• EXERCISE DIRECTIONS:
Each line of the data must be written out again verbatim; no image belongs in the copy.

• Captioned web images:
━━━━━━━━
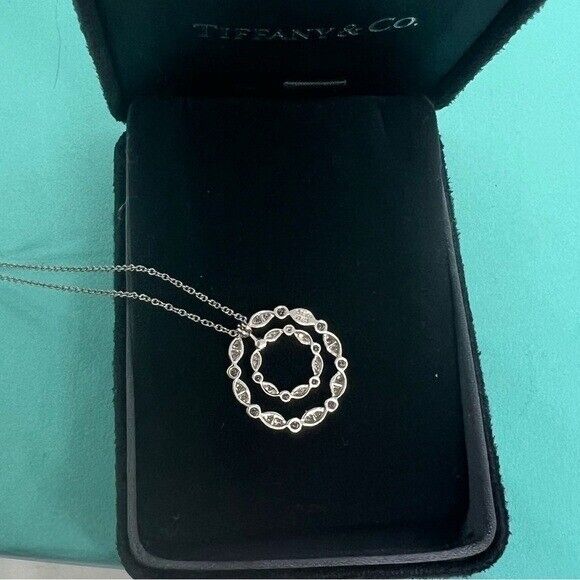 RARE Tiffany & Co Double Circle Jazz Swing Diamond Necklace Platinum .60 TCW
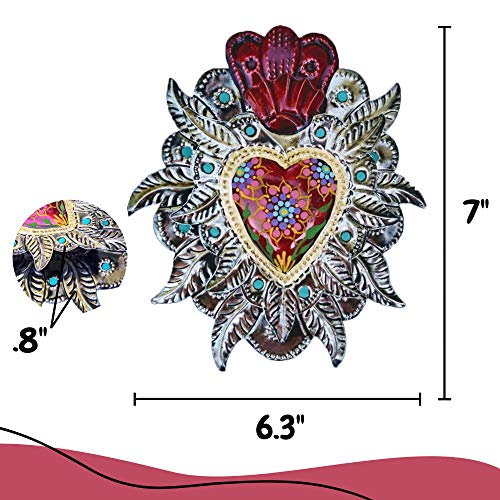 Irekua Mexican Heart Folk Art Wall Decor 7" Metal Charms Tin Art Sacred Milagros Mexicanos Colorful Hand Painted Mexico Decorations Double Heart -Handmade #TOP7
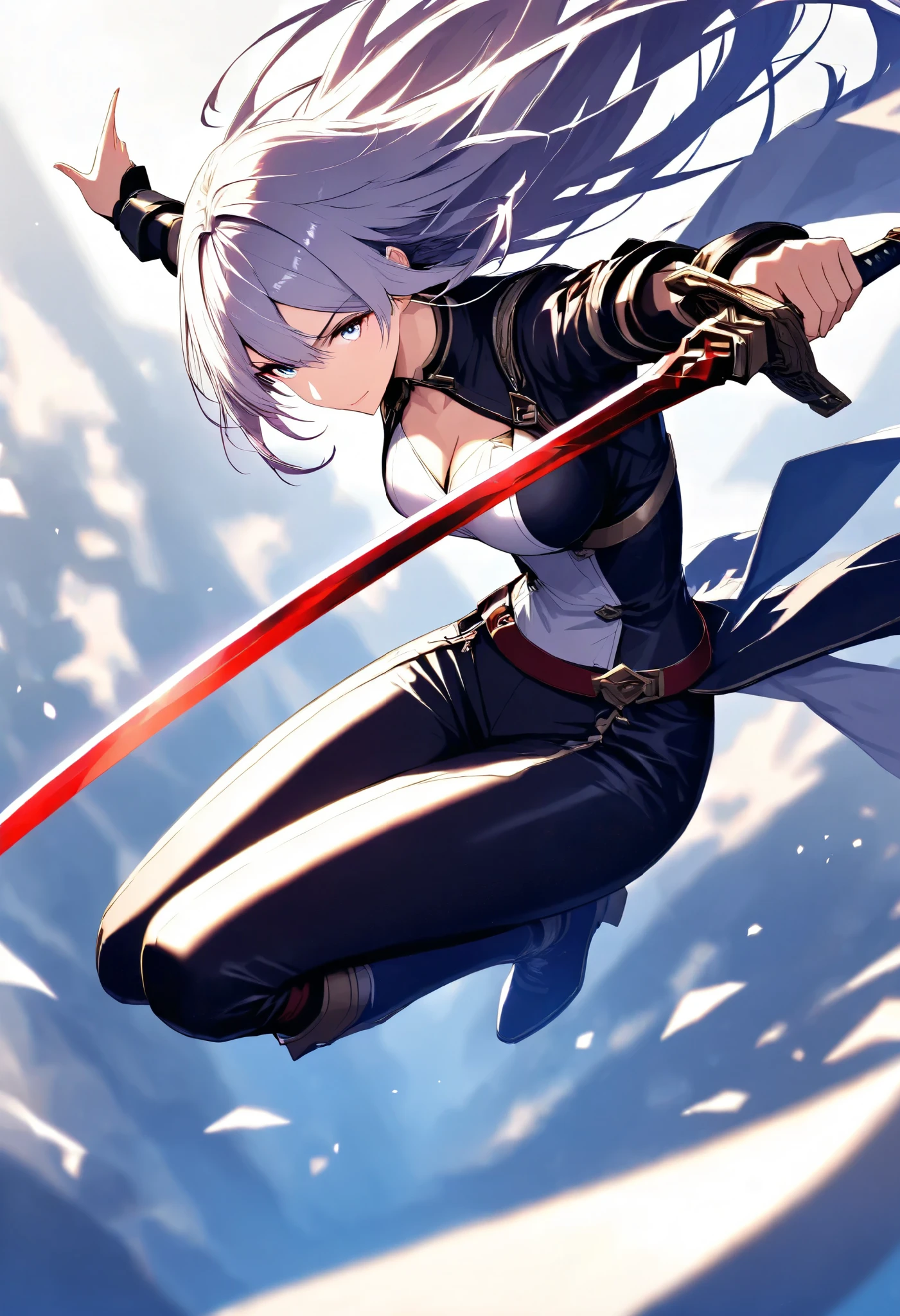 a woman, \character "ATLAS"\, solo, vertical slash to you, with flying jump, raising a sword moment,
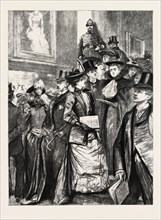 VISITORS AT THE LOAN COLLECTION OF PICTURES AT THE GUILDHALL, LONDON, UK, 1892 engraving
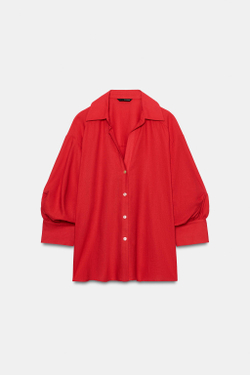 ZARA РУБАШКА ИЗ СМЕСОВОГО ЛЬНА С ОБЪЕМНЫМИ РУКАВАМИ, КРАСНЫЙ
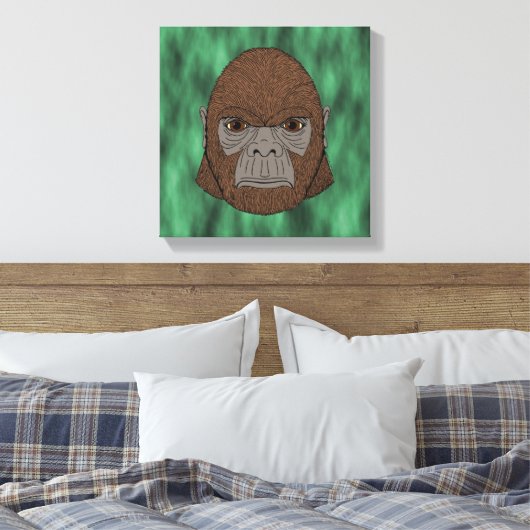 Bigfoot portret 1 (ape-achtig) canvas afdruk (Insitu (Slaapkamer))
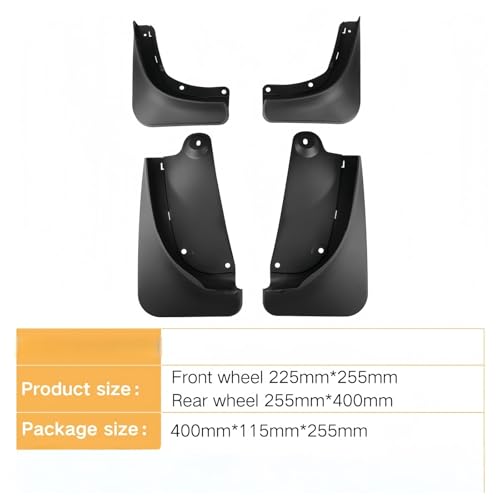 Garde-boue pour Tesla Modèle Y 2020-2024 : kit de protection complet avant et arrière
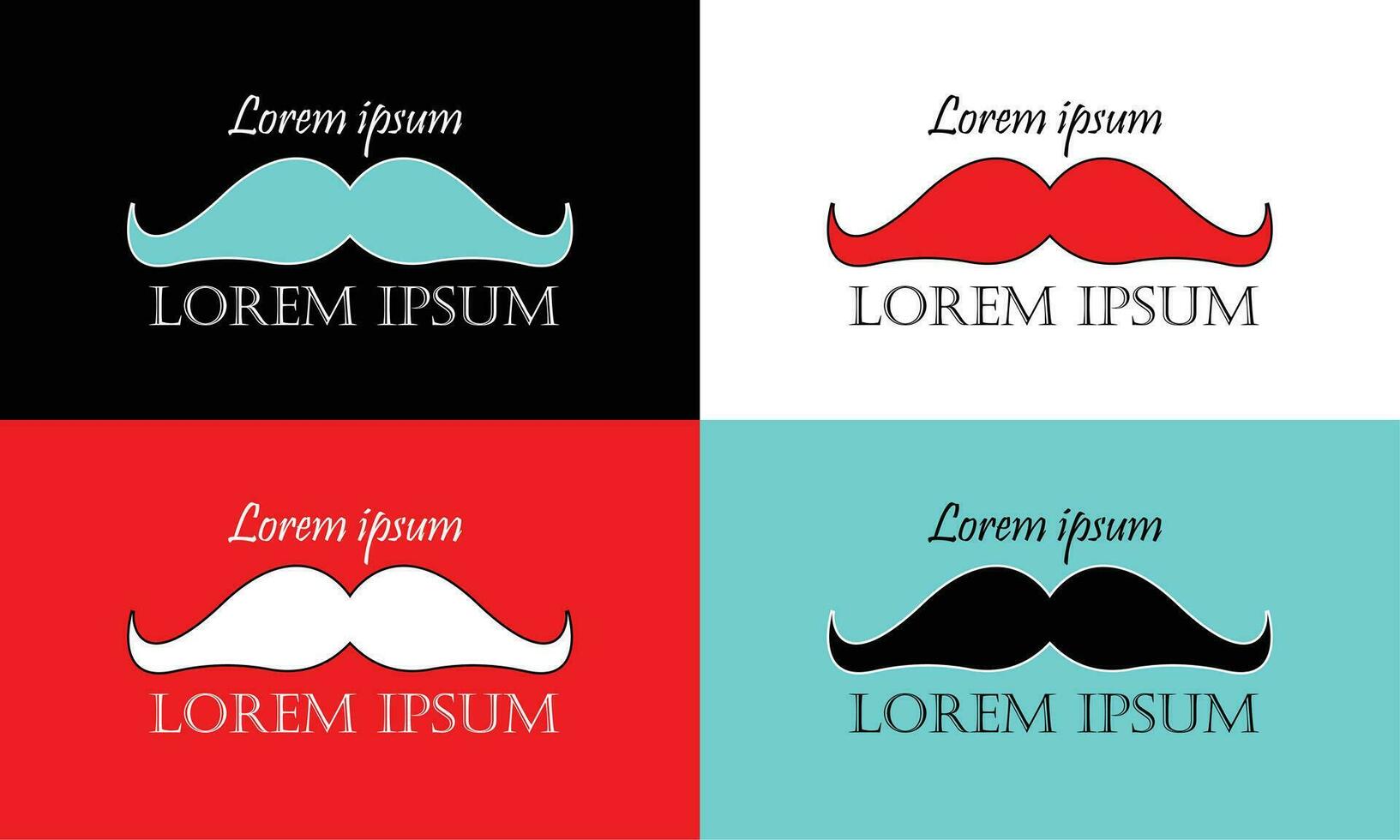 mustasch flera olika varianter logotyp mall design vektor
━━━━━━━━
• ANSWER SECTION:
 RARE Tiffany & Co Double Circle Jazz Swing Diamond Necklace Platinum .60 TCW
 Irekua Mexican Heart Folk Art Wall Decor 7" Metal Charms Tin Art Sacred Milagros Mexicanos Colorful Hand Painted Mexico Decorations Double Heart -Handmade #TOP7
 a woman, \character "ATLAS"\, solo, vertical slash to you, with flying jump, raising a sword moment,
 VISITORS AT THE LOAN COLLECTION OF PICTURES AT THE GUILDHALL, LONDON, UK, 1892 engraving
 ZARA РУБАШКА ИЗ СМЕСОВОГО ЛЬНА С ОБЪЕМНЫМИ РУКАВАМИ, КРАСНЫЙ
 Bigfoot portret 1 (ape-achtig) canvas afdruk (Insitu (Slaapkamer))
 Garde-boue pour Tesla Modèle Y 2020-2024 : kit de protection complet avant et arrière
 mustasch flera olika varianter logotyp mall design vektor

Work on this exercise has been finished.